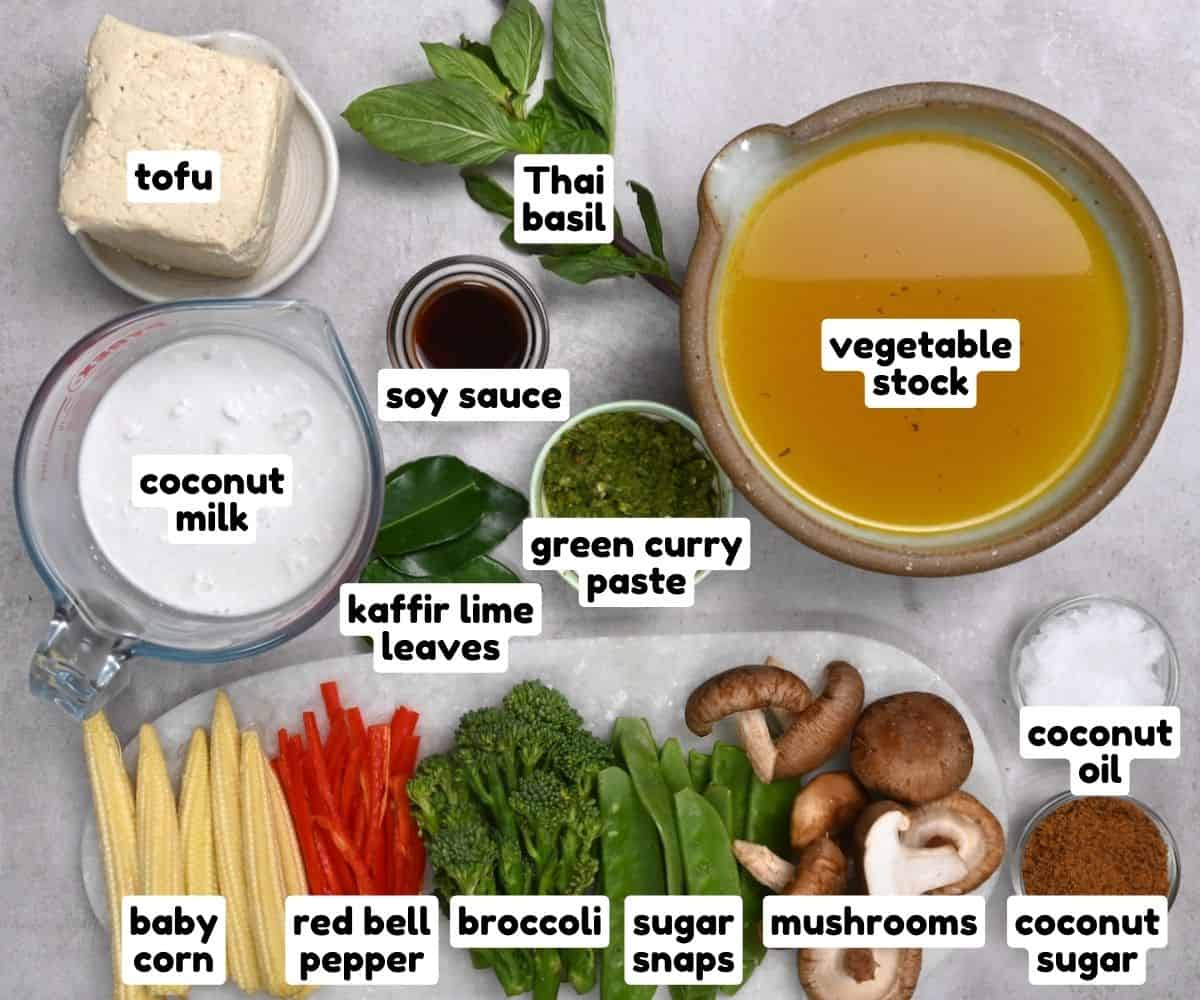Ingredients for vegan Thai green curry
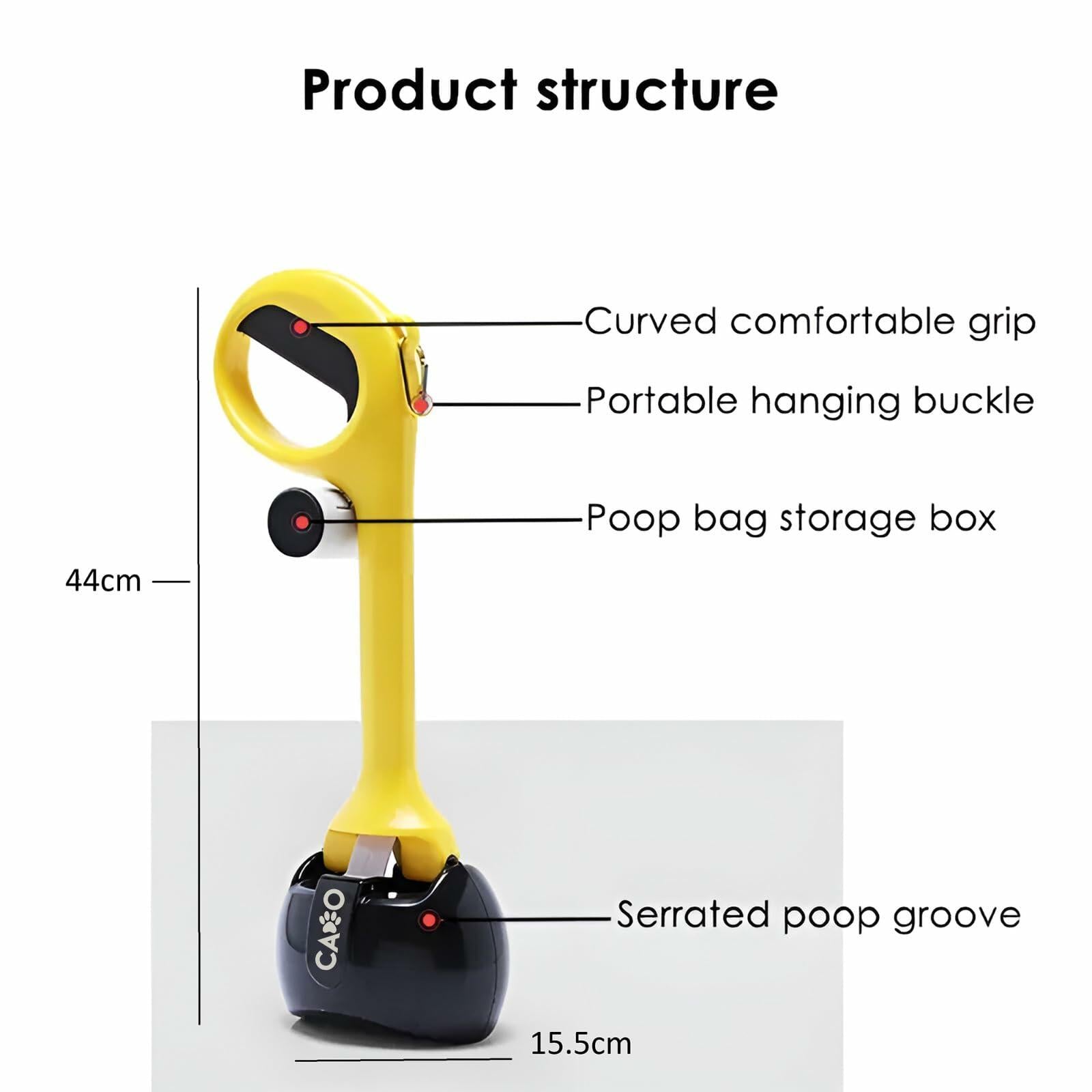 Dog Pooper Scooper Large Yellow/Black with Bag Holder and 5 Bag Rolls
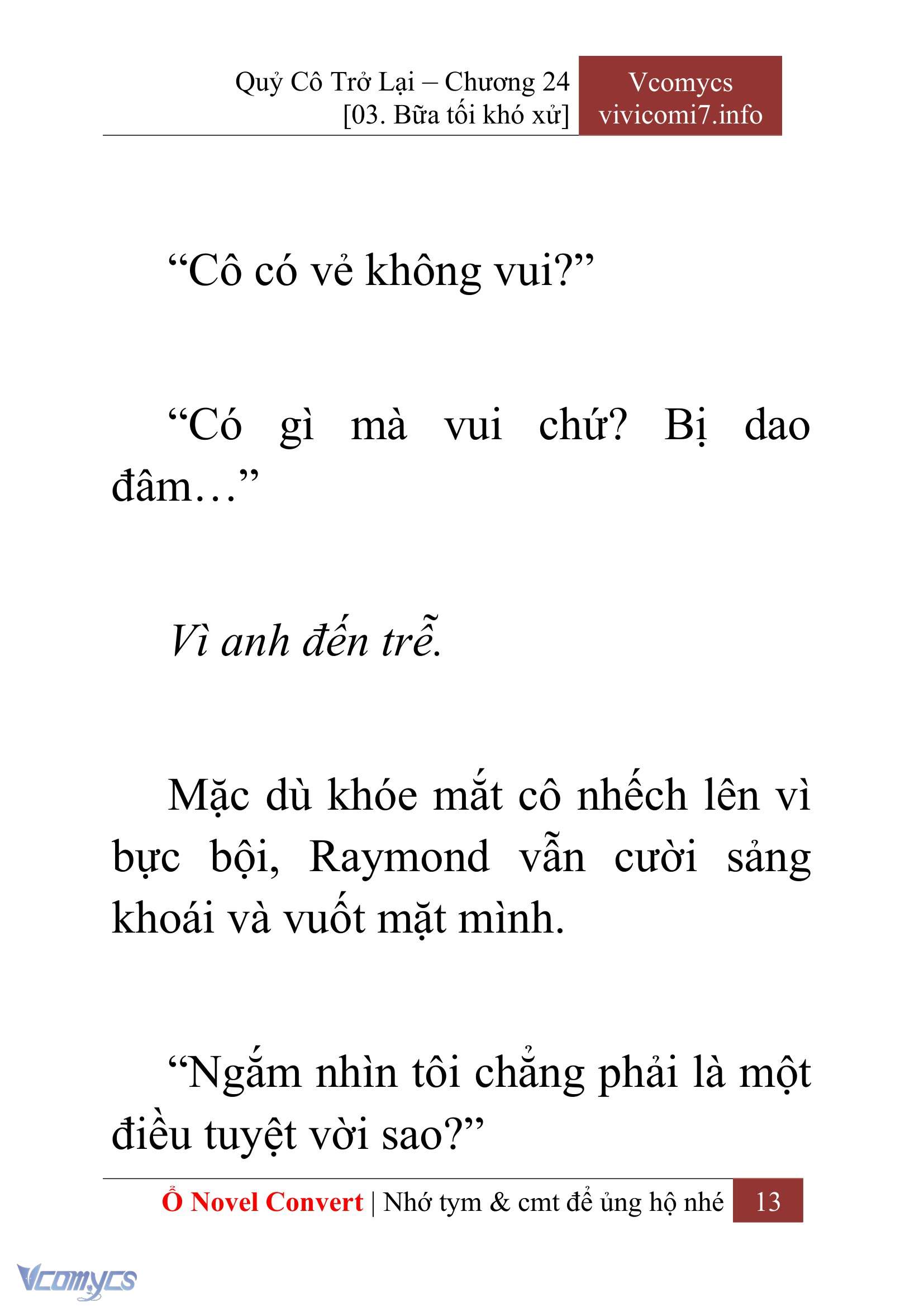 [Novel] Quý Cô Trở Lại Chap 24 - Next 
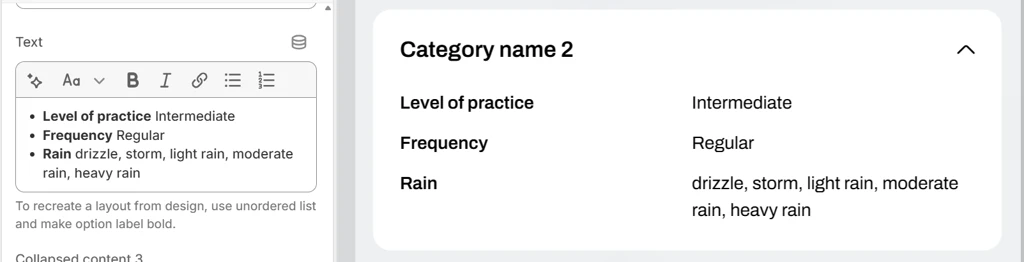 product template collapsible content preview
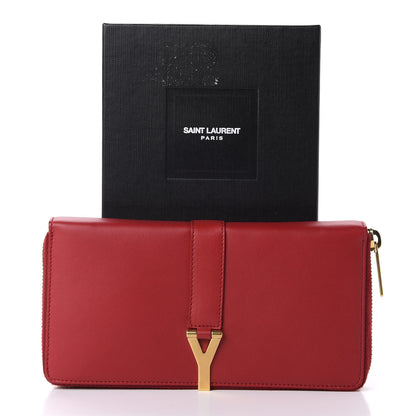 Saint Laurent Calfskin Classic Y Ligne Zip Around Wallet Red 7 of 7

════════════════════

▶ **How to complete this task**
When you reach the line that contains "product template collapsible content preview" in the records above, copy it and every line after it exactly through the last one, leaving out the pictures.

▶ **Answer section**
 product template collapsible content preview
 Saint Laurent Calfskin Classic Y Ligne Zip Around Wallet Red 7 of 7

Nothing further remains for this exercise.